A cool, blue-sky morning before it warms, and breezes begin to stir the ash, I am sitting here with my mug of instant coffee, and a gut full of anticipation. At the socially acceptable hour of 9 a.m., I will head down to give the go-ahead to Patricio for the micro-hydro electric project for the house! The parts, materials (inverter, alternator, tubing, turbine, electric wires, etc.) and labor will be just a couple hundred bucks US more than the hook-up to grid quotes. And I might add, we've been waiting almost 11 months now for that to be accomplished. That little bit of news, just a faint whiff of promise has invigorated me. I'll leave Patricios house, and stop by a small fereteria to order the stuff for the addition awnings for the house, swing by Fernandos to load up the kitchen cabinet piece and tell him "forget life" on his increasingly expensive kitchen shelf ideas. Since I will have electric, Greg and I can use the lumber we have and pound up some nice, simple shelves our selves. The sealant and brushes are ready for Cocho and his son to treat the outside of the house. I've ordered a generator for those times when the water lines will freeze, which they will until the entire 1,000 meter line is completely buried. That will take time.

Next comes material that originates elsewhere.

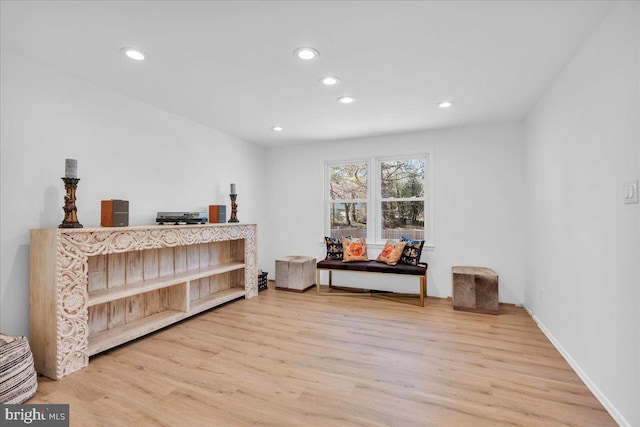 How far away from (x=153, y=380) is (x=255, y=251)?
2.36 m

After almost a year of starts and fits, I have some vision that the house will be livable. A glint of hope. Greg and I would go out to the house and stare up at all the untreated wood. All of the raw windows, the wood floors, staircase, bare walls, untiled bathroom, and exposed slab kitchen sink. We'd drag out the sandpaper and start sanding one window at a time, the front door, the back door. All by hand. Sand, wipe, varnish. Each window pane only reaffirmed how much more there was to do. Split and stack some wood. Sand. Tape. Varnish. Ah, two windows out of twelve, all large with numerous panes. Sand and seal the deck. Replace warped boards. Drag down more varnish. Replace plumbing lines inside from the freeze, wait for the water spots to dry. Do sand and seal the front porch. By hand. Then take a hot shower using the best invention of all times for the pioneering weary, a gas, on-demand hot water heater. Light candles, fall into bed and get one page read before the river hypnotizes us to sleep.
Difficult things for me will be ripping out the kitchen counter...a monstrous slab of wood with a beat up old sink siliconed into a rough hole cut in it. The slab will be cut up and make bedside stands. Then installing and re-plumbing the real sink. I'm not intimidated by the tile work on the counter top. Just starting the whole mess. I'll tile the bathrooms next year. And what to do about the bare plywood ceilings? I've decided just not to look up until next year...I can think about it for a while.
I thought I was a "pioneer", a girl-scout innovator and survival specialist, until I had to do it all the time, and the novelty wore off (after a week). I felt terribly high and mighty when the house had running water and flush toilets. Then the on-demand hot water. WhooHoo! It was sweet and fun to snuggle up and read good books by candle light. For a while, and then only when I "wanted" to, not because I had to. Then cooking outside on a fire wasn't as fun as it used to be, so I got a little gas cook top and warmed bread on the wood stove. The raging river was wonderful, still is, but now I miss my music, and listening to radio. Finding myself one day completely overwhelmed with the amount of work to be done before winter, instead of sanding and varnishing another window, I sat on the floor and sorted nails into little containers, sorting tools and wrapping twine and burned through a six-pack of beer and a pack of cigarettes.
So now, disgraced pioneering girl scout that I am, I am hiring other people to do work that I should be doing (all except the climbing a two-story ladder to finish windows and seal the wood outside). Greg and I still have much to do, and the cutting and stacking of firewood is top 'o the list. Come winter I think we'll be ready. As ready as anyone can be here in Patagonia. I still need to buy tire chains, and am thinking the long steep walk up to the road might require snow shoes. Since winter only last 4-5 months here, I think I've loaded enough books and music on my computer to get me through. Not sure though. I might need someone to come check on us come the end of September and see if we are babbling incoherently, or poked each others eyes out.